Von Birgit Sander 21.09.2009, 09:11

Schwerin/Bartow/dpa. - Der Apfel ist die Nummer eins unter den heimischen Obstsorten. Er lässt sich vielfältig verarbeiten, auf Kuchen, zu Dessert, Mus und Most, Wein und Obstbrand.

Er lässt sich problemlos für unterwegs in die Tasche stecken und als einziges heimisches Obst über den Winter lagern, sagt Gärtnermeister Michael Hager im mecklenburgischen Bartow. Die Apfelvielfalt ist mit weltweit mehr als 10 000 Sorten riesig. Selbst der Supermarktkunde kennt fünf, sechs Sorten. Wirtschaftlich bedeutend sind in Deutschland 20 bis 30.

Mehr als 200 Apfelsorten hat Gärtnermeister Hager allein in Mecklenburg-Vorpommern und Schleswig-Holstein zusammengetragen.

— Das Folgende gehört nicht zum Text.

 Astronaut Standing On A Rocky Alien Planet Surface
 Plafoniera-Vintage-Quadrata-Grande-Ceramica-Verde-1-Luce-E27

Er stellt die Früchte, darunter einige Raritäten, in seinem Betrieb aus, lädt zu Verkostungen und Sortenbestimmungen ein. «Etliche Sorten werden noch von Kunden hinzukommen, so dass es an die 300 werden», ist er sich sicher. Als Mitglied im Pomologen-Verein sagt er: «Mir liegt besonders der Erhalt alter pommerscher Apfelsorten am Herzen.»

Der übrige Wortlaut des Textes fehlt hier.